Lau F, Vincent D D
Department of Applied Sciences in Medicine, University of Alberta, Edmonton, Canada.
Comput Biomed Res. 1993 Jun;26(3):294-309. doi: 10.1006/cbmr.1993.1020.
The massive volume of hemodynamic data routinely available within the Cardiovascular Intensive Care Unit (CVICU) can adversely affect the quality, relevance, and timing of hemodynamic management decisions on patients after cardiac surgery. Yet, at the same time, the lack of appropriate treatment-outcome data and access to prior CV case histories deprives the clinician of any opportunity to improve personal decision-making skill and assess the effectiveness of various treatment methods. This paper presents a formalized decision-support model for CVICU that incorporates expert and quantitative knowledge, as well as prior outcome and case experience to augment the clinician's decision-making capability. This includes the use of optimal hemodynamic patterns derived from outcome analysis as therapy goals, expert rules and trend analysis to interpret incoming data, standardized protocols based on predefined hemodynamic patterns from clinical cases, and access to the database for similar case comparison. Most importantly, the model suggests an integrated approach where the clinical database not only is a documentation source for the patient, but also can serve as an outcome research database where clinical experience can be formalized and combined with expert knowledge to influence future therapy decisions. At present, a prototype is being developed at the CVICU of the University of Alberta Hospitals on a Unix platform using ART-IM, C and Ingres. Once implemented, the prototype will be evaluated on a small group of CV patients for its effectiveness and acceptability to clinicians.
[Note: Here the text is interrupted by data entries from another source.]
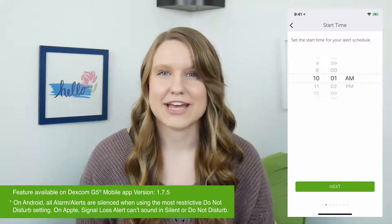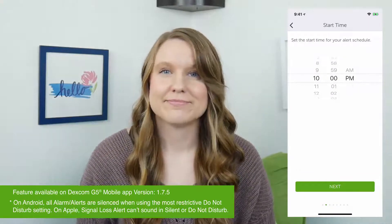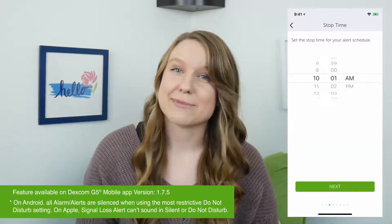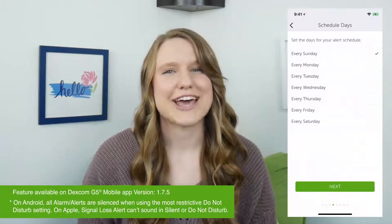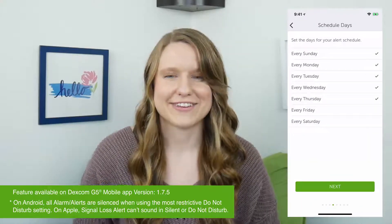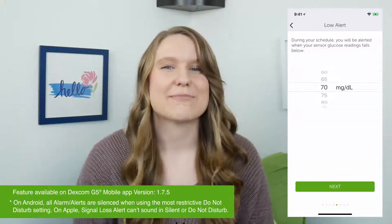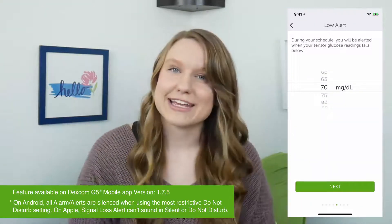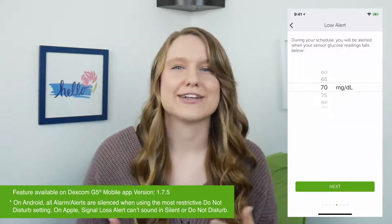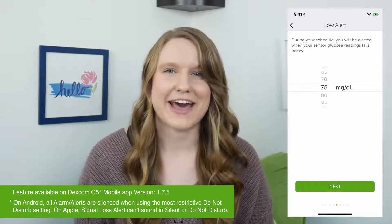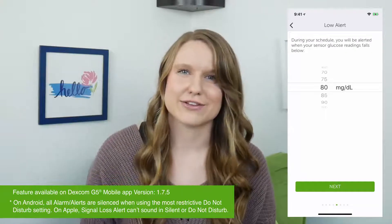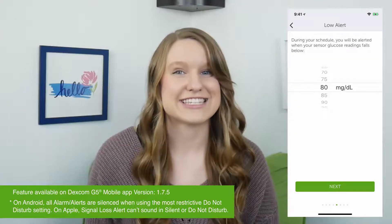I picked a start time of 10 p.m., a stop time of 6 a.m., and chose every day of the week. I set my low alert to 80, because I like my low alert at night to be a little bit higher than my regular low alert, which is at 70.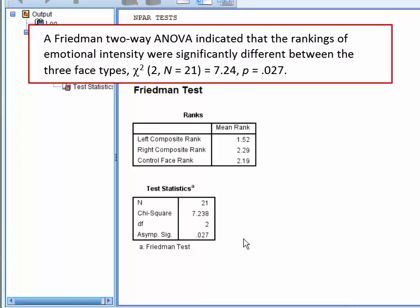You would then report your chi-square value, degrees of freedom, and p-value.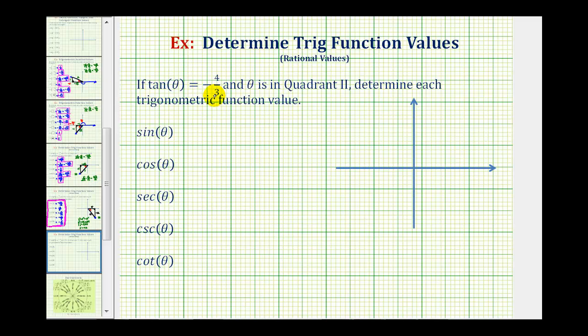If tangent theta equals negative 4 thirds and theta is in quadrant two, we want to determine each trig function value. To do this, we want to sketch the reference triangle for angle theta.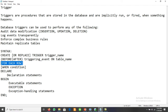If using FOR EACH ROW, it means the trigger applies to each individual row. You can use NEW and OLD values. For insertion, only NEW values are available. For deletion, all values are OLD — no NEW value is available. For UPDATE, you can use both OLD and NEW values.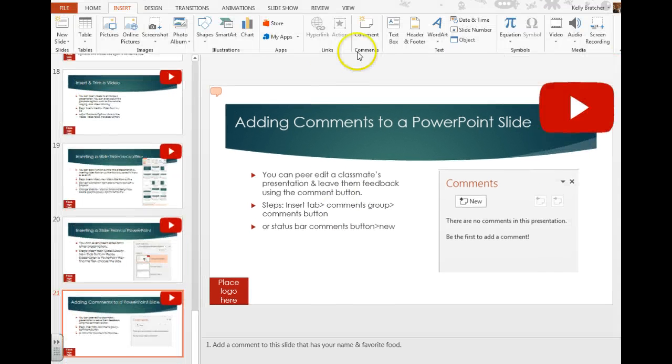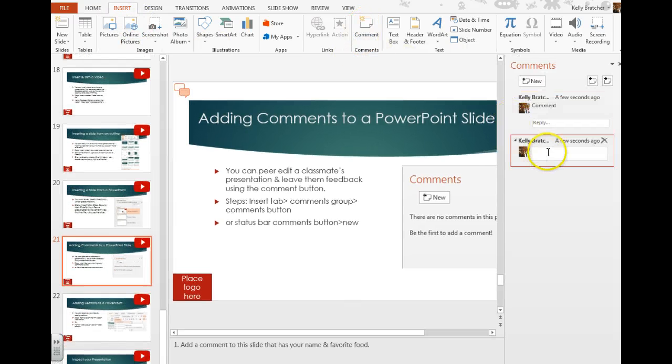Another option is to go to the Insert tab, Comments group, Comment, and add comments that way — both get you to the same place.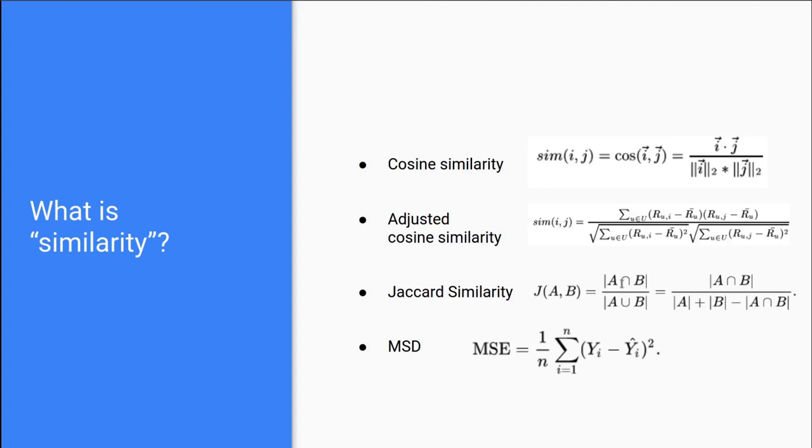Next up is mean squared deviation. And this is basically where you take each item, subtract them from each other to get difference. And then you square this difference. And then you just take the mean of it. And as I said before, we are going to implement all of these calculations in Python.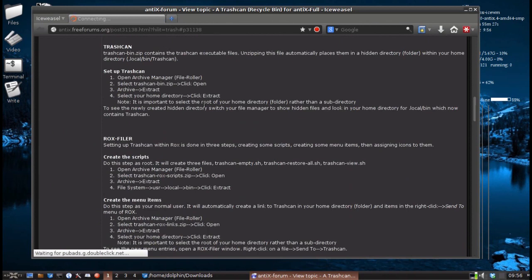I've already downloaded the package to my downloads folder. Basically what we're going to do is unzip some files and put them in different places. You will have to be root for some of this, and we'll show you how to do that. I'm going to use SpaceFM — you can use ROX if you want to — to do the file manipulations. This trash can, when we're done, will work with both ROX and SpaceFM.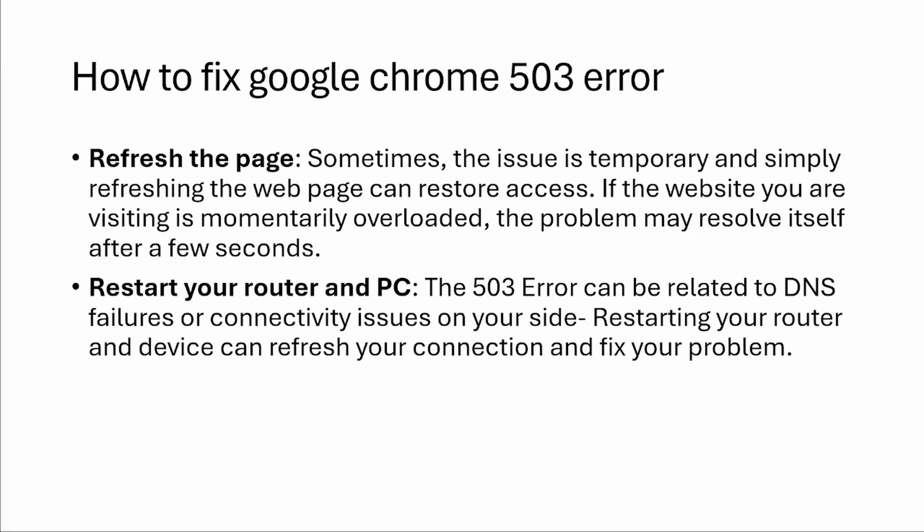If the website you are visiting is momentarily overloaded, the problem may resolve itself after a few seconds. You can also try to restart your router and PC.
心血管重症监护病房(CVICU)中常规可获取的大量血流动力学数据,可能会对心脏手术后患者血流动力学管理决策的质量、相关性和及时性产生不利影响。然而,与此同时,缺乏适当的治疗结果数据以及无法获取既往CV病例史,使临床医生失去了提高个人决策技能和评估各种治疗方法有效性的任何机会。本文提出了一种针对CVICU的形式化决策支持模型,该模型整合了专家知识和定量知识,以及既往结果和病例经验,以增强临床医生的决策能力。这包括将从结果分析中得出的最佳血流动力学模式用作治疗目标,运用专家规则和趋势分析来解读输入数据,基于临床病例中预定义的血流动力学模式制定标准化方案,以及访问数据库进行相似病例比较。最重要的是,该模型提出了一种综合方法,其中临床数据库不仅是患者的文档来源,还可以作为结果研究数据库,在该数据库中临床经验可以形式化,并与专家知识相结合以影响未来的治疗决策。目前,阿尔伯塔大学医院CVICU正在Unix平台上使用ART-IM、C和Ingres开发一个原型。一旦实施,将对一小部分CV患者评估该原型对临床医生的有效性和可接受性。